(RV) L’Evangile de ce troisième dimanche de Carême nous montre Jésus chassant les marchands du Temple. Quelle colère de Jésus ! Il fait un fouet avec des cordes, jette par terre la monnaie des changeurs et renverse leur comptoir. Comment comprendre le comportement de Jésus ? Cela est d’autant plus étrange que ces marchands du Temple sont utiles. Ce sont eux qui fournissent les animaux pour les sacrifices que la Loi de Moïse impose.

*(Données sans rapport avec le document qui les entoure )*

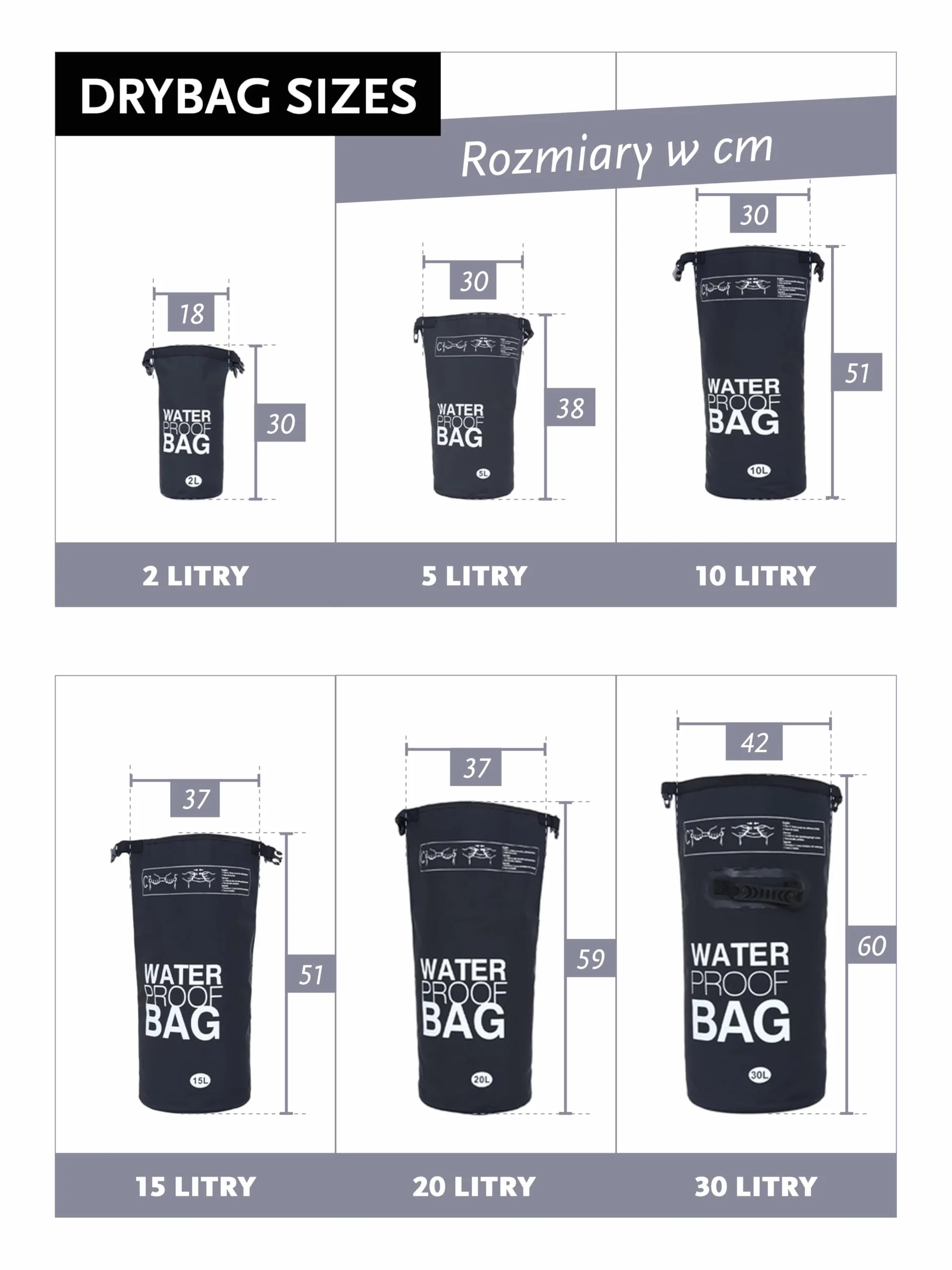 DonDon Wodoodporny outdoor dry bag 10 l kolor czarny worek/sakwa wodoszczelna sucha torba z paskami chroni Twój ekwipunek przed wodą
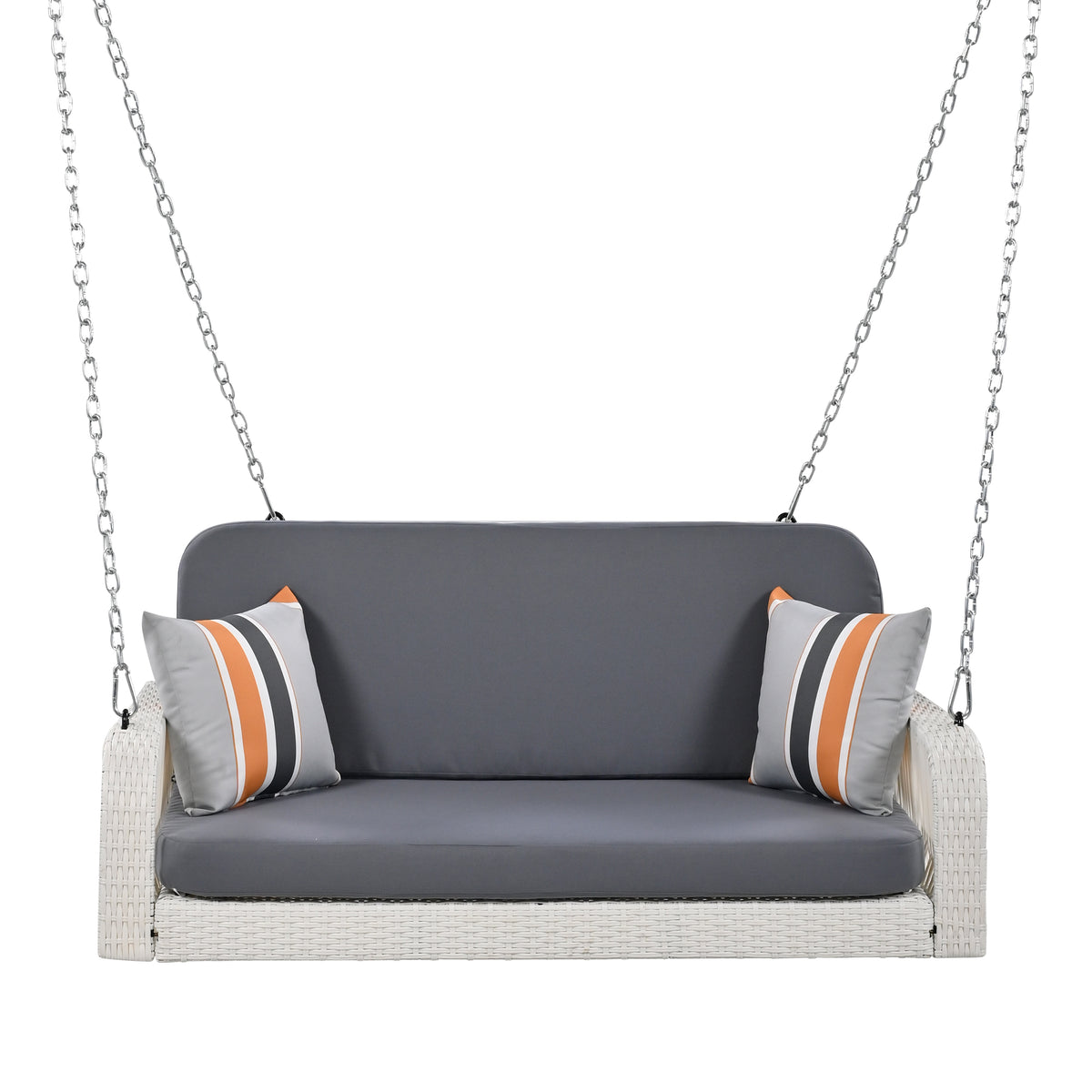 Pe Wicker Porch Swing, 2 Seater Hanging Bench With Chains, Patio Furniture Swing For Backyard Garden Poolside, White And Gray Grey White Foam Wicker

Ce sont les paroles mêmes de Jésus qui nous permettent de comprendre son attitude : « Enlevez cela d’ici. Ne faites pas de la maison de mon Père une maison de trafic » (Jn 2,16). Le Temple est le lieu saint où s’exprime la relation d’Israël avec Dieu. Et ce lieu est devenu un lieu de trafic. Comme souvent dans l’Evangile selon saint Jean, les paroles de Jésus doivent être comprises dans un double sens. Bien sûr, il y a le trafic d’animaux qui fournit les victimes à offrir. Mais le trafic fait aussi allusion à la relation qu’Israël entretient avec Dieu. Le Seigneur s’intéresse au cœur de l’homme. Un sacrifice d’animal n’est pas à même de restaurer la relation avec Dieu. Ce que Dieu demande à l’homme, c’est la conversion du cœur. Le prophète Isaïe dit : « Ce peuple me glorifie de ses lèvres, mais son cœur est loin de moi » (Is 29,13). Tout au long de son passé, Israël est tenté de servir le Dieu Baal. Baal est le dieu de la pluie, cette pluie si nécessaire pour que la récolte soit bonne et que la vie du peuple soit assurée. Le dieu Baal demande des sacrifices d’animaux pour être contenté mais ne s’intéresse pas à la vie de l’homme. C’est ce type de relation que Jésus condamne avec violence aujourd’hui.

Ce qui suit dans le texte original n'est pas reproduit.